Judge Guzman said he made his decision to charge Gen Pinochet after studying an interview that he gave to a Miami TV channel in November 2003.

In it the former leader said he saw himself as "a good angel", and blamed abuses during his years in power on subordinates.

The judge said that the interview, in which the general gave apparently lucid answers to questions, was "one of the elements taken into consideration" in his ruling.

Earlier this month, a court ruled that Gen Pinochet could face charges over the murder of his predecessor as army chief, Gen Carlos Prats, who died in a car bomb attack in Buenos Aires in 1974.

Gen Pinochet is also being investigated over tax fraud and money laundering.

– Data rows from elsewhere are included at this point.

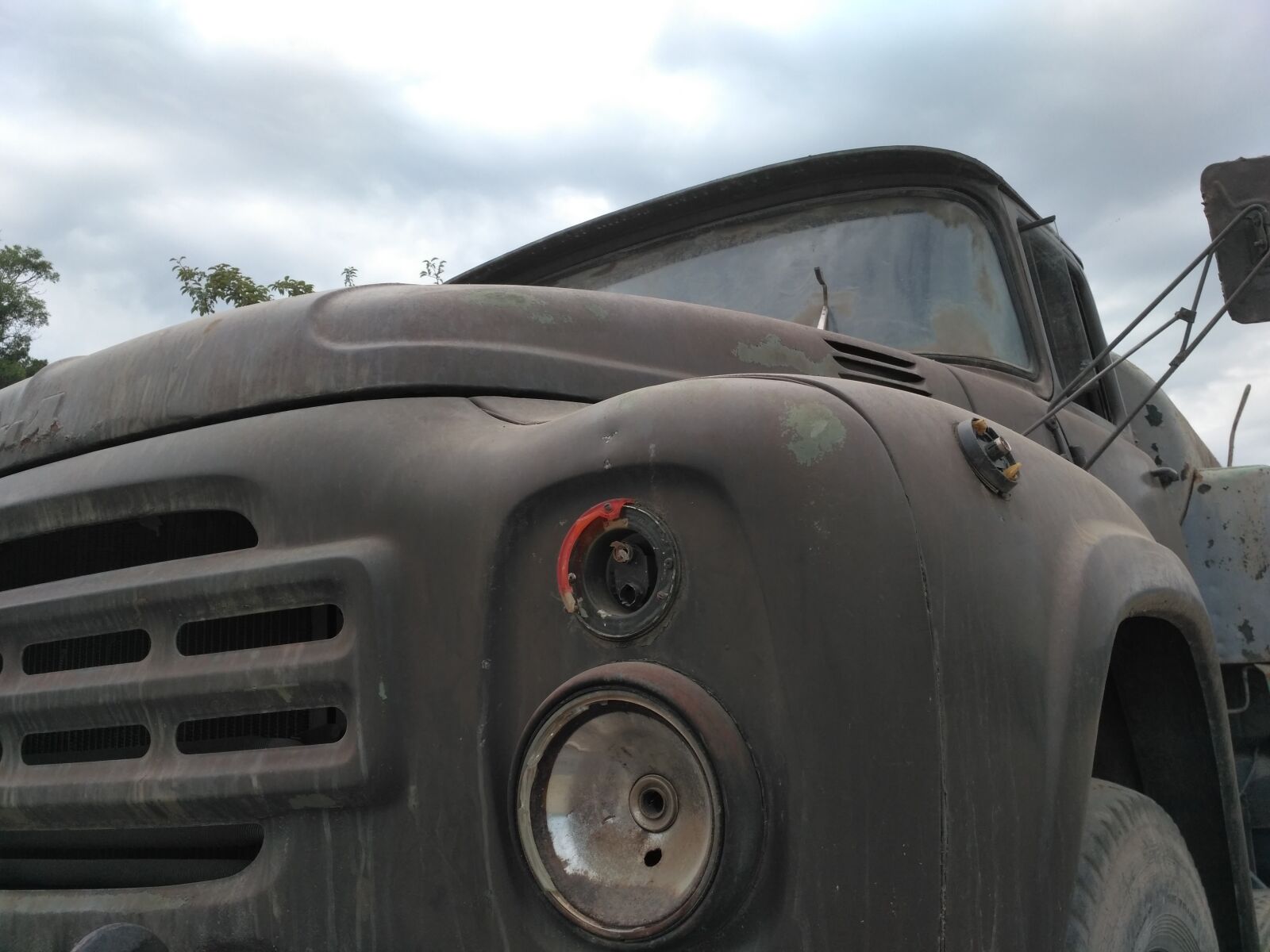 Xiaomi Redmi 3S sample photo. Truck, old, broken photography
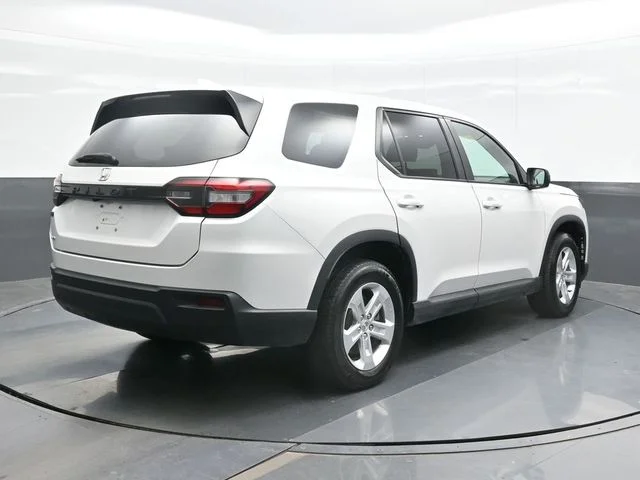 Used 2023  Honda LX image 9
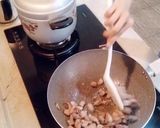 Foto langkah ke 2 dari resep Kwetiau Rebus Daging Jamur.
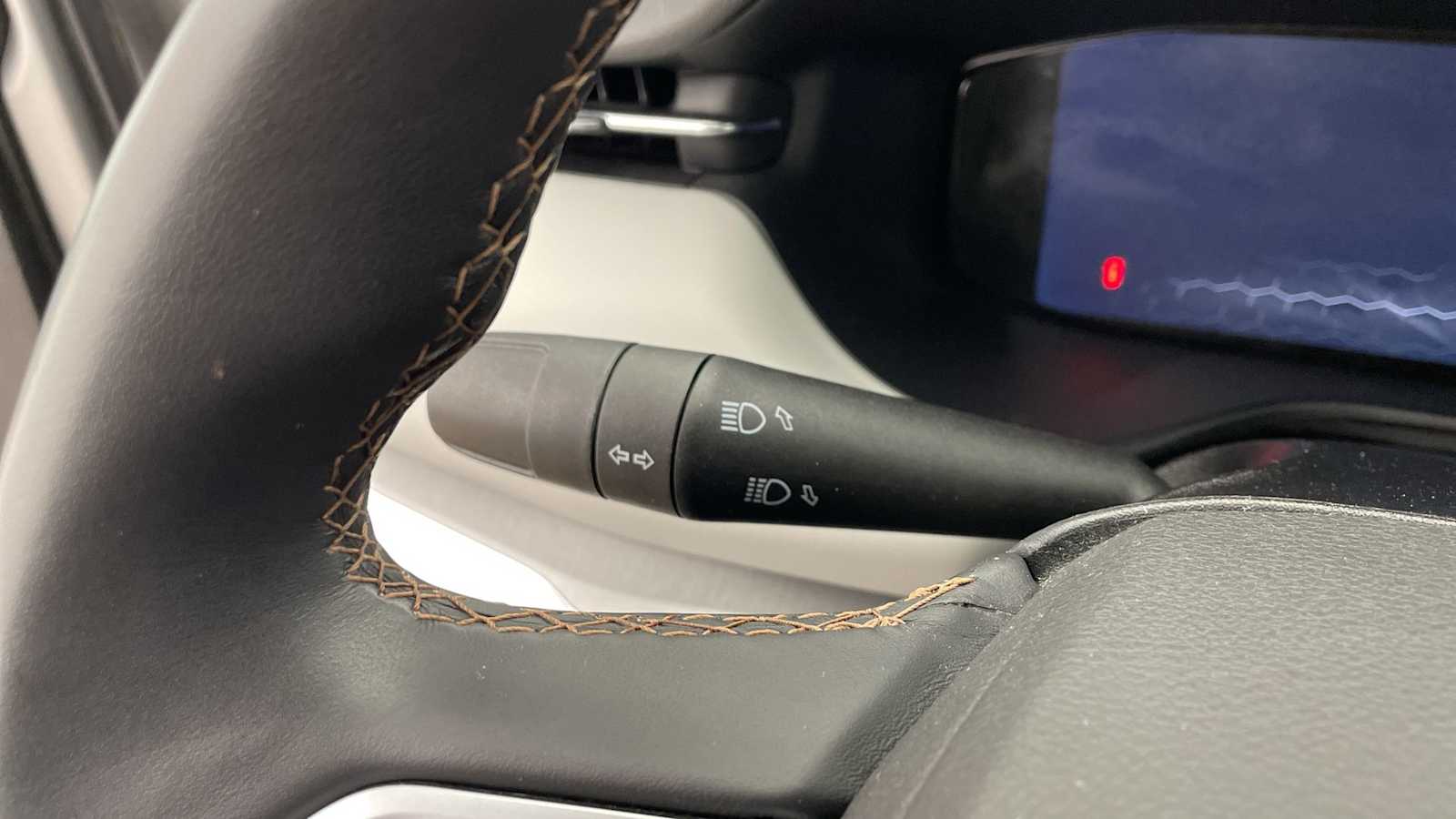 Thumbnail: 2022 Jeep Compass - 18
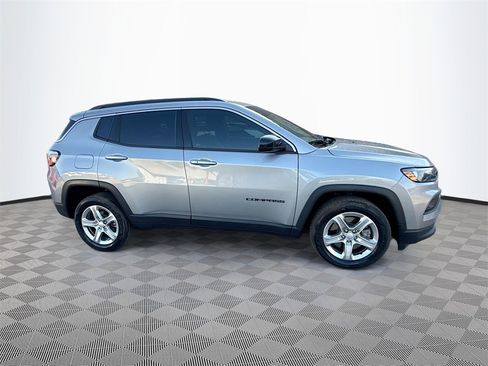 Used 2023 Jeep Compass Latitude image 5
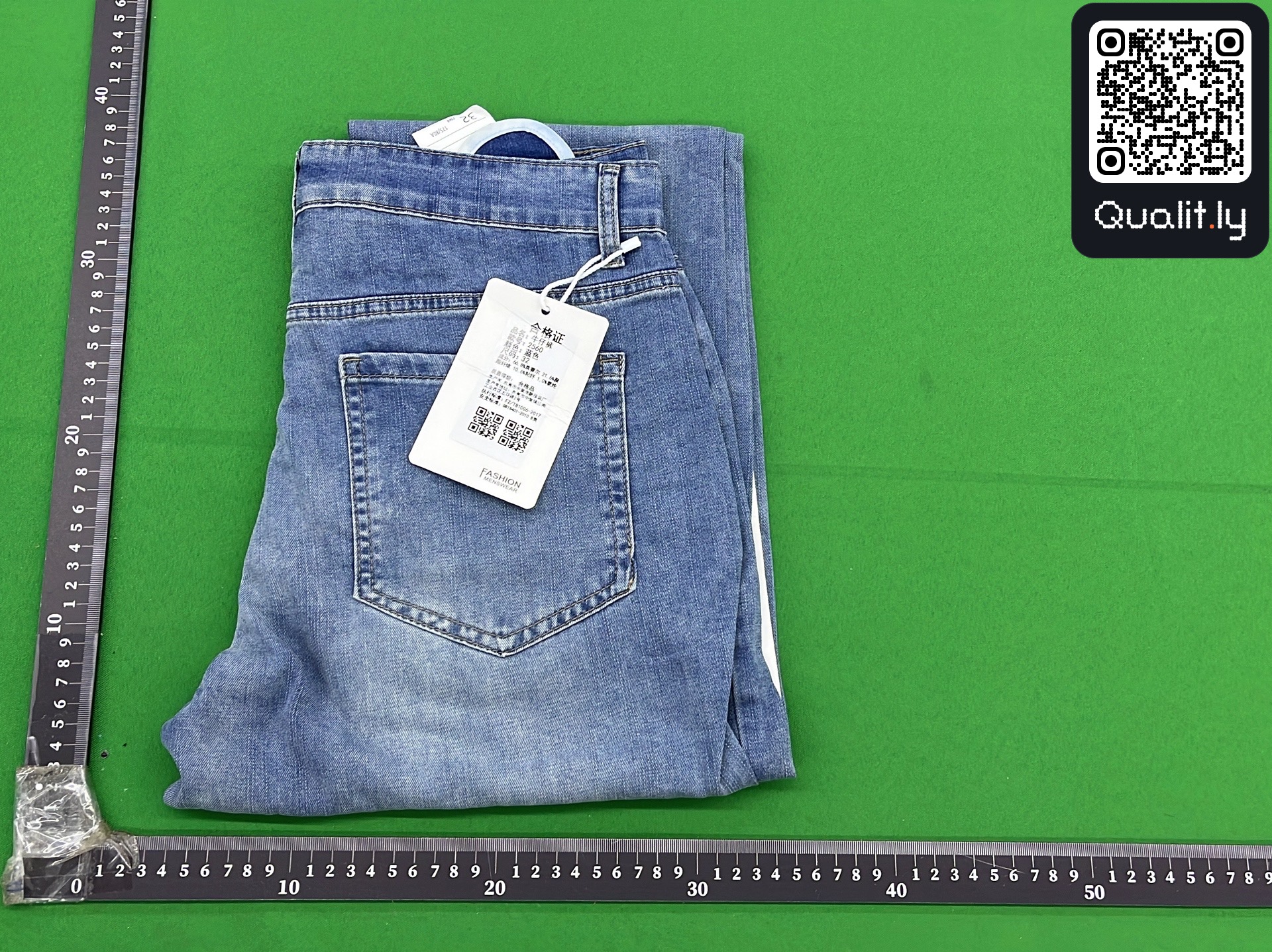 Jeans — QC-foto 2 van 4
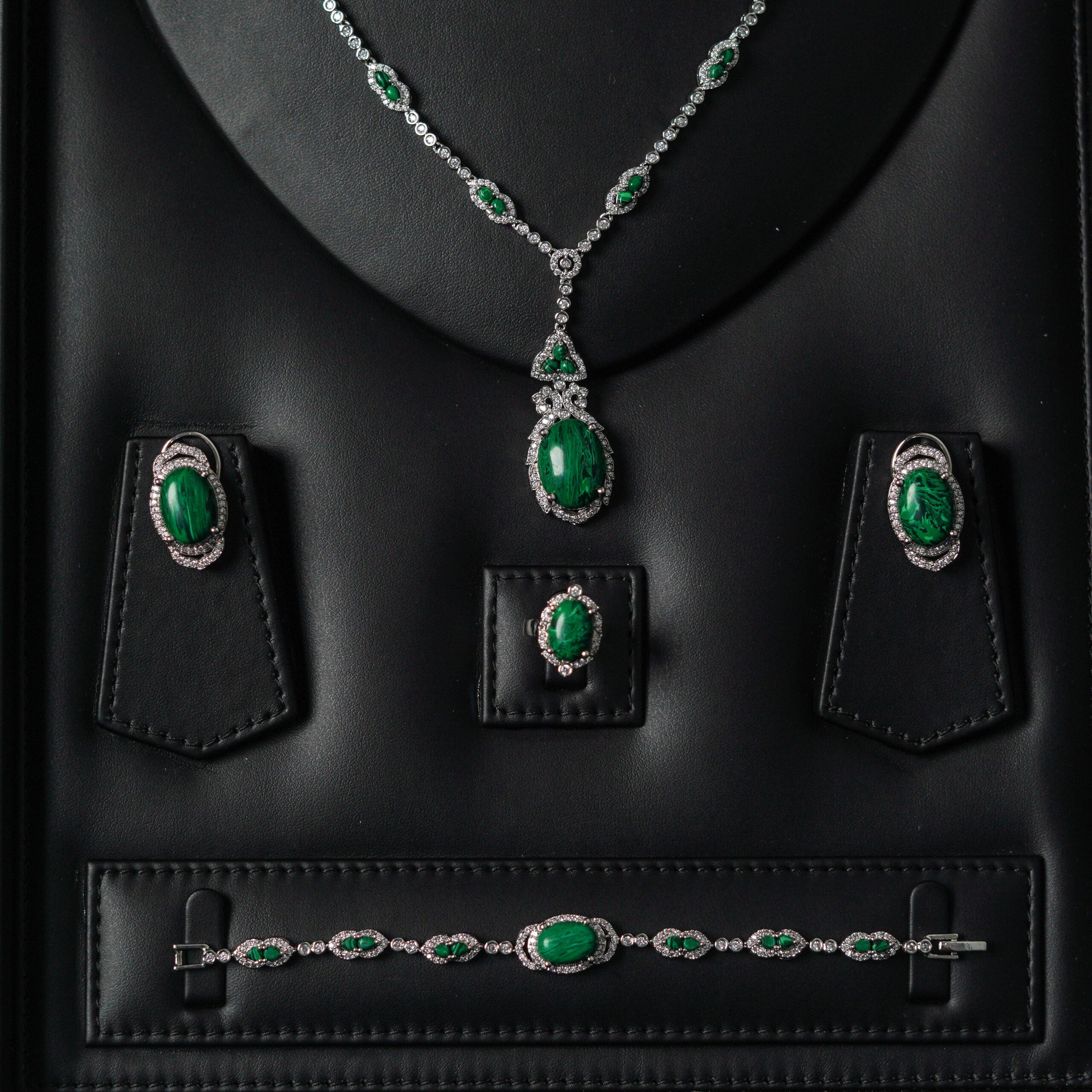 GHAZEL | GREEN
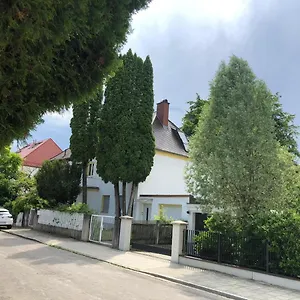 Idyllische Penthouse-wohnung In Super Lage München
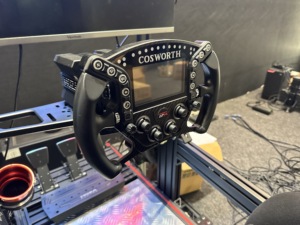 Volant de course de <span class=keywords><strong>simulation</strong></span> de <span class=keywords><strong>jeu</strong></span> de haute qualité avec retour de force, support réglable et kit de vibration, compatible avec les jeux de course automobile sur <span class=keywords><strong>PC</strong></span> - Product Image 5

The Supreme Court only decided to strip the former leader of immunity from prosecution in August. But so far the state of his mental health has prevented him from standing trial.

A previous investigation, accusing him of responsibility for the deaths of more than 70 political prisoners, fell through in 2001 when an appeal court found that he was too unwell to be tried.

He has previously been diagnosed with "moderate dementia", while doctors have disagreed over whether or not he is fit for trial. He also has diabetes, arthritis and uses a pacemaker.

A Chilean inquiry concluded that more than 3,000 people were killed for political reasons during Gen Pinochet’s rule, while more than 30,000 Chileans have testified that they were tortured or detained by the military government.